Tuesday, February 24, 2009

I'll Call You Back

A couple of posts back, I wrote a piece exaggerating my hatred for green beans. And while it’s true that I do hate green beans – which are one of the few foods that I can say taste truly repulsive to me – there are plenty of other things I hate more.

One of those things is the telephone. While it is a great tool for communication and I cannot fault its role in the development of information sharing technologies, I find it intrusive and annoying. There have been too many times when I’ve sat back to relax for the evening and had the shrill ring of a telephone interrupt whatever I’ve thrown on the television to watch. Or take a couple of minutes ago, for example. I had a vlog playing on my laptop in the dining room (which is where I prefer to make camp and write) and I had gone into the kitchen to get something to drink when what should begin its overly loud and piercing shriek but the phone. Suddenly, I can’t listen to what I’m trying to listen to and someone else is trying to make a demand upon my time over a device that I’m already irritated by in the first place.

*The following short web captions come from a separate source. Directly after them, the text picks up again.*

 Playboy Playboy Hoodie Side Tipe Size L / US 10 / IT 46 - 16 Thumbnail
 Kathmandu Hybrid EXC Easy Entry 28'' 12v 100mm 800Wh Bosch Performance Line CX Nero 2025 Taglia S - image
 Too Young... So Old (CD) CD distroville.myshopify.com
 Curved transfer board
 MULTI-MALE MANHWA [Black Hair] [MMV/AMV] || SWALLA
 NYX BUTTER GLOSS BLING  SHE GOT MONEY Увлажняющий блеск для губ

Now, this wasn’t so bad when I lived on my own. Often, I would turn my cell phone down to a low volume, or if I particularly didn’t want to be disturbed, I’d set it to vibrate only. If it was on but quiet, I could hear it go off but it wasn’t so annoying that I couldn’t continue doing whatever it was that I saw more important than chatting on the phone. The other benefit of the cell phone was that most of the people I talk to on a regular basis have individual ring tones so I can tell by sound who is calling me, thus making the determination on whether or not I want to talk back. Caller ID does the same function, I suppose, but considerably more effort goes into finding the phone and having to physically check to see who it is on the other end.

However, here at my parents’ house, only one phone has Caller ID and that is the phone in the basement. Also, instead of being at a low volume, all of the phones (with the exception of the one in my bedroom) have their volume turned to high so that the ringing phone can be heard throughout the entire house. That’s right: four telephones ringing loudly every time some church lady, family member, or telemarketer decides they want a moment of my parents’ time.

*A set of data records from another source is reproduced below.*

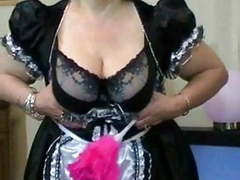 KiloPantyhose presents: The naughty maid
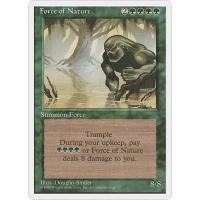 Force of Nature - Fourth Edition Thumb Nail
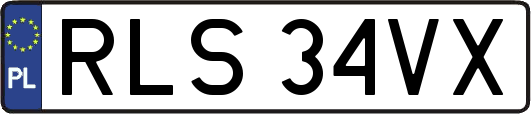 RLS34VX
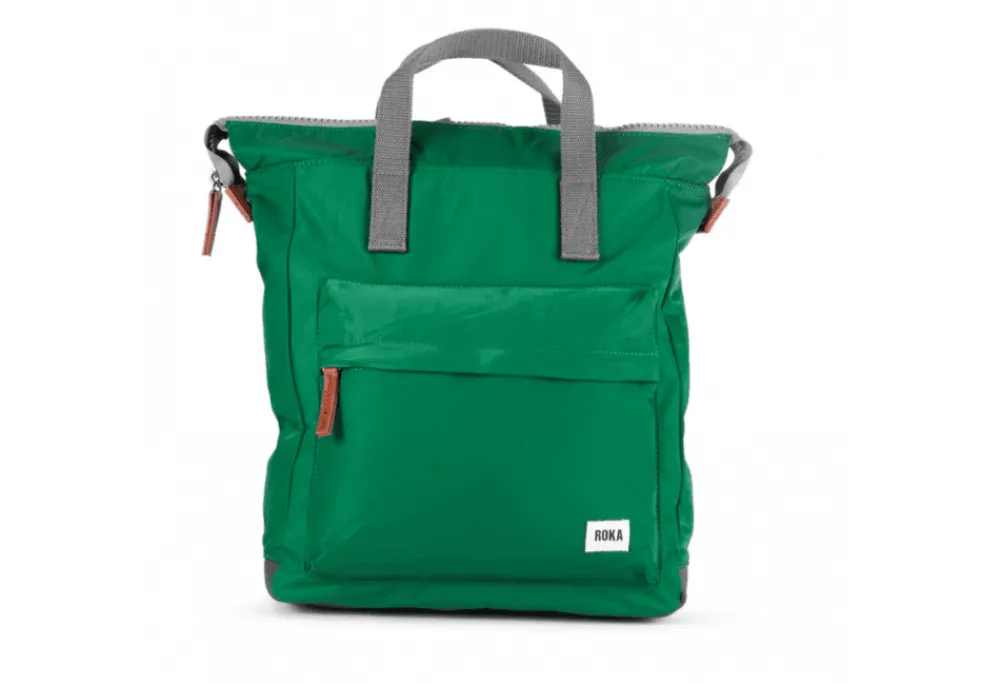 Roka Bantry B Medium Sustainable Zip Backpack< Backpacks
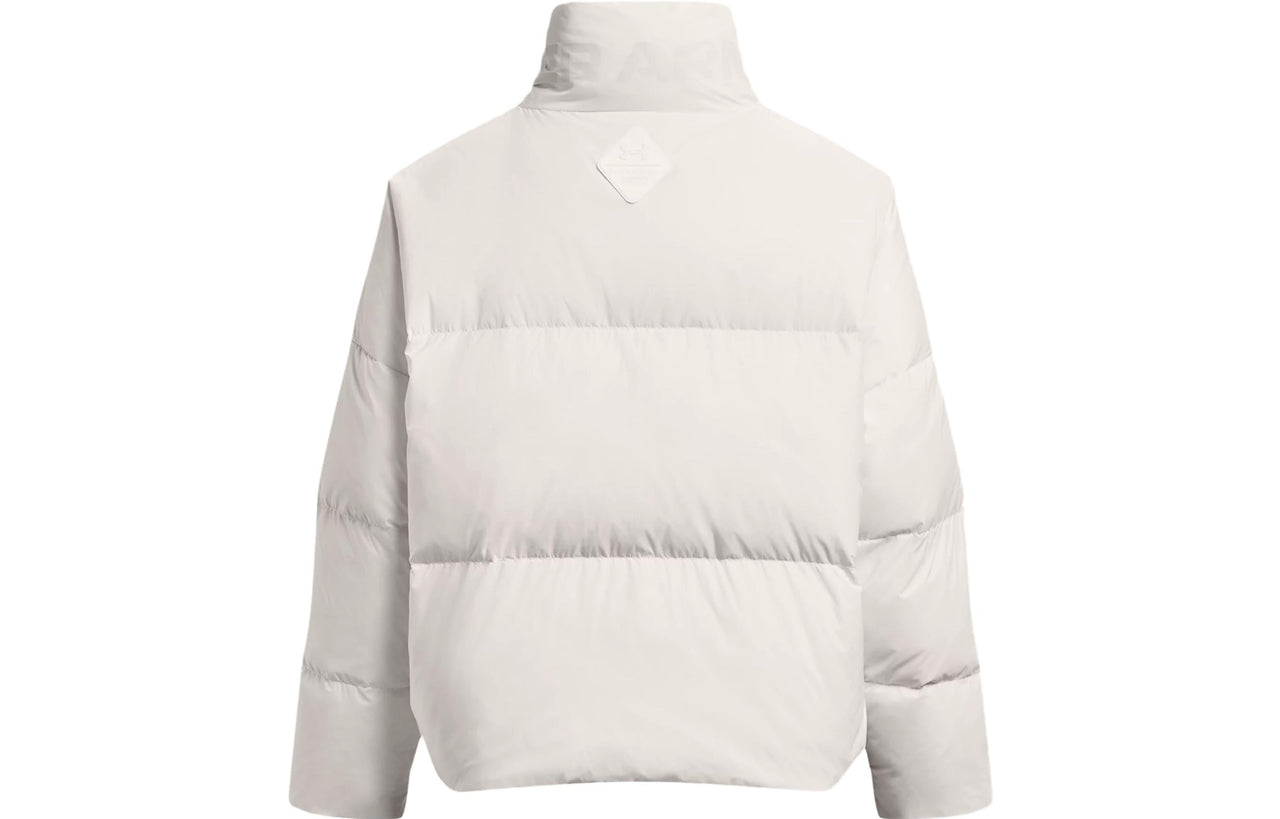 (WMNS) Under Armour ColdGear Infrared Down Jacket 'White' 1378858-112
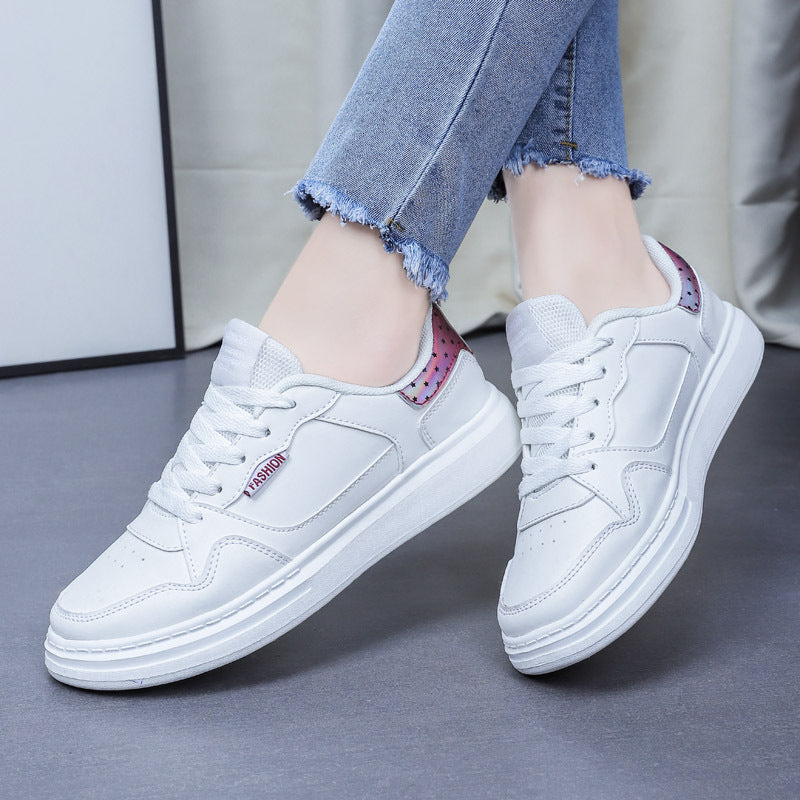 Damen Sportliche Sneakers mit atmungsaktiver Netzstruktur und dämpfender Sohle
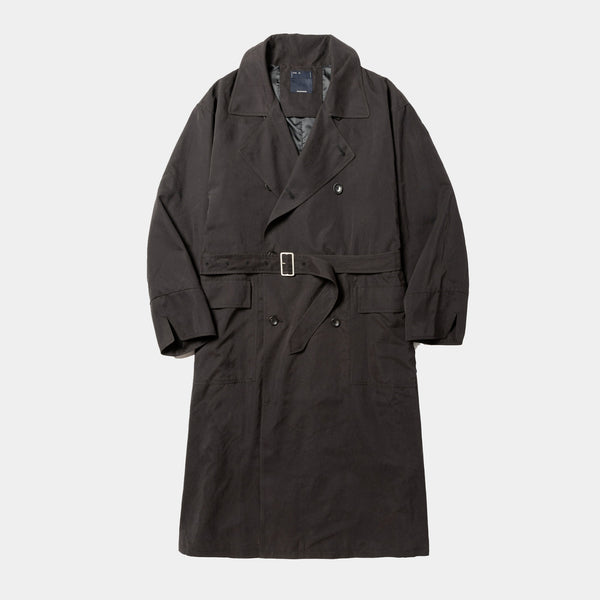 Padding Over Coat(Off Black)/MW-JKT25210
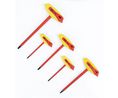 VDE T-Handle Hexagon Key Set, 5 Pieces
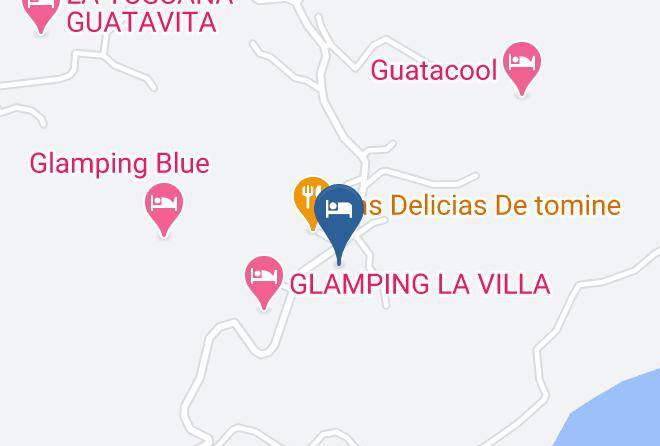 Guatavita - Quinta Los Llanitos Maps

For the life of me, I don’t understand how they can take it. I mean, despite having an answering machine and allowing whoever it is to leave a message so that they have the vaguest inkling of whether or not the phone call is worth their time, they actually answer the phone more often than not. Some of the times, they even have the gall to complain afterwards about how often they talk on the phone and how they had other things they needed to be doing. The simple solution: don’t answer your phone then. Give up being a slave to calls and let ‘em leave a message on the machine. If it is important (and so often it isn’t) then call them back.

Okay, perhaps this makes me sound selfish. Maybe even “elitist.” But I’m a firm believer that when it comes to my time, I need to be selfish and do with it what I want. We each only live once (that we know of), so we should make the most of it. In order to do that, sometimes we have to forget that other people exist for awhile. Then, when we come back and someone else has something where they’d really like my attention and they get some of my time, hopefully it has more meaning to them. I know for myself, that when I do that, it makes the times where other people enter my world that much more meaningful too.

2 comments:

Orange Guy said...

I often remind Patty to not be a slave to the phone. She will drop whatever it is she is doing to answer it. "What if it's important?" Really? I can think of maybe 20 important calls I have received in my life. And I bet I've only made maybe 10 calls I would classify as important.

If it rings during dinner, it does not get answered.

JR Tschopp said...

I remember you mentioning that and almost every time the house phone rings and someone rushes to it, I think, "Why can't you adopt Brad's attitude." I especially hate it when I'm watching TV and they pick up the cordless phone and proceed to have a conversation right there, going so far as to tell me to turn down the TV. Hello? You're the one being rude. I'm trying to watch this and the phone is CORDLESS. Go in the other room.